Un lugar discreto y acogedor.

"Ya estamos llegando" dije, mirando por el retrovisor central. Tano empujó a su amigo con una exclamación de alegría, y el mayor apenas se inmutó. Rai me había quitado las gafas de Sol de la cabeza con chulería gitana, nada más arrancar el coche junto al poblado, y sus ojos me miraron ahora tras los cristales oscuros. Estaba claro que quería llamar mi atención, mostrarse poderoso y resuelto, autosuficiente, que no intentaran meterle en el mismo saco que los dos medio hombres que le acompañaban. Podía leer e interpretar a la perfección cada uno de sus pensamientos a través de sus gestos y expresiones de despreocupación, como si no tuviera un gusanillo en el estómago ante la incertidumbre de lo que se le avecinaba. Sobretodo, viendo el increíble lujo que ahora le rodeaba, y del que apenas habría oído siquiera hablar en el poblado chabolista del que le había sacado.

-Es aquí cerca, chicos -les informé para animarles, comprobando cómo los dos pequeños se apresuraban a pegar sus narices al cristal, para no perderse detalle de la zona que transitábamos; giré a la derecha y señalé al frente-. Al final de aquella avenida.

-Joé, qué barriá más chula, ¿no? -se emocionó Chicho.

-Qué casas tan grandes... -su amigo no se quedó atrás al mostrar su alegría, tras lo que preguntó-: ¿Y vamos a viví n'una d'esas?

-Pues sí -traté de hallar cualquier síntoma de euforia en el rostro de Rai, pero el chico no reculó en su actitud hostil; parecía observar lo que le rodeaba con aire despectivo-. Veréis cómo os encanta el sitio.

El punto de encuentro del Grupo de aquel verano era una especie de mansión de tres alturas, más perfecta que ninguna de las siete vecinas, con algo más de doscientos metros cuadrados por planta, rodeada de un buen trozo de terreno con espesa vegetación, árboles discretos y un jardín impecablemente cuidado. Los muros que la rodeaban tenían unos tres metros y medio de altura, lo que hacía prácticamente imposible que se colaran las miradas curiosas desde la calle ó cualquier casa vecina. Las de los alrededores no deslucían en absoluto, y todas eran también grandes casas discretas y silenciosas. Ninguno de los tres sabía aún, por supuesto, que todo aquello pertenecía a la Fundación, pero tampoco les interesaba de momento tener conocimiento de ello.

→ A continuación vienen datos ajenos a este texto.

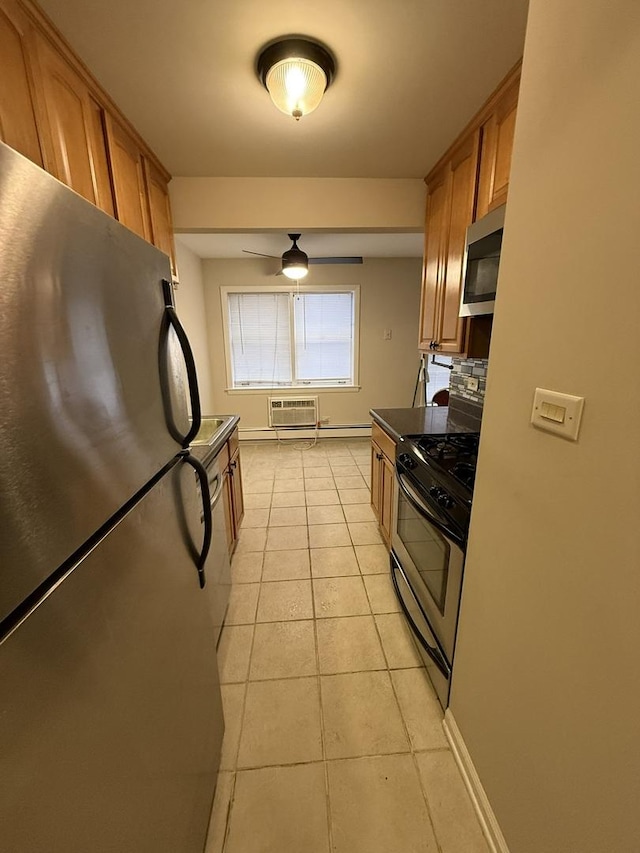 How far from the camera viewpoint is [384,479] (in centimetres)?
247

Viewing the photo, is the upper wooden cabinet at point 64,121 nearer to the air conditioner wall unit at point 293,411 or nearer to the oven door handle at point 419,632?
the oven door handle at point 419,632

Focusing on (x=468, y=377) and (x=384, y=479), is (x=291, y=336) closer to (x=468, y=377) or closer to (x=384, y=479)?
(x=468, y=377)

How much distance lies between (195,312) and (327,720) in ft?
13.2

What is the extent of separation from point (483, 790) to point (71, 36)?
2943 millimetres

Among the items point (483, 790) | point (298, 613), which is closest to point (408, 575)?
point (298, 613)

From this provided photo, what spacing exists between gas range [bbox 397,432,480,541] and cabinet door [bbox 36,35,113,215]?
186 centimetres

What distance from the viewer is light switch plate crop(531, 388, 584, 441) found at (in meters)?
0.74

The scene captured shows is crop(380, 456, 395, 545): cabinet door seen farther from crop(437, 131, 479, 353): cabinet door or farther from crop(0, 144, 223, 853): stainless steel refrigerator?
crop(0, 144, 223, 853): stainless steel refrigerator

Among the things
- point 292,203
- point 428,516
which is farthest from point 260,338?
point 428,516

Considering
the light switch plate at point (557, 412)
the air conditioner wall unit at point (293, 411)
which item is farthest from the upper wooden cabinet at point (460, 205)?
the air conditioner wall unit at point (293, 411)

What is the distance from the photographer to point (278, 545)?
2.63 meters

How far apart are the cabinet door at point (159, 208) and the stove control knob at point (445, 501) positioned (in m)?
1.99

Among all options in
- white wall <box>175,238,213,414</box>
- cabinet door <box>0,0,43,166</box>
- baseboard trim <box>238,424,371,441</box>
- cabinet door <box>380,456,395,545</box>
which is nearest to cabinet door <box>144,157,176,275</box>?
cabinet door <box>0,0,43,166</box>

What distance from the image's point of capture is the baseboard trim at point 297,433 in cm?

Con un simple click al pequeño mando a distancia que había enganchado en el salpicadero, las enormes puertas blancas de hierro brillante se abrieron de par en par, para permitir el acceso al todoterreno. Nos adentramos por un sendero rodeado de piedras, y pudimos ver a un joven con camiseta de tirantes blanca, que apuraba con una segadora los últimos metros de jardín en los que aún se intuía la hierba alta.

-¡Es un chino! -dijo Tano con cierta sorpresa.

-En realidad, no -detuve el coche, pues el chico nos había visto y se acercaba a nosotros-. Se llama Soni-Chang y es thailandés, no chino. No le gusta demasiado que le llamen "chino", así que no se lo digáis, ¿vale? Él y su hermano gemelo Thun-Soko son los únicos jóvenes orientales que hemos tenido nunca por aquí -pulsé el botón que hacía descender la ventanilla del copiloto-. Hola, Chang.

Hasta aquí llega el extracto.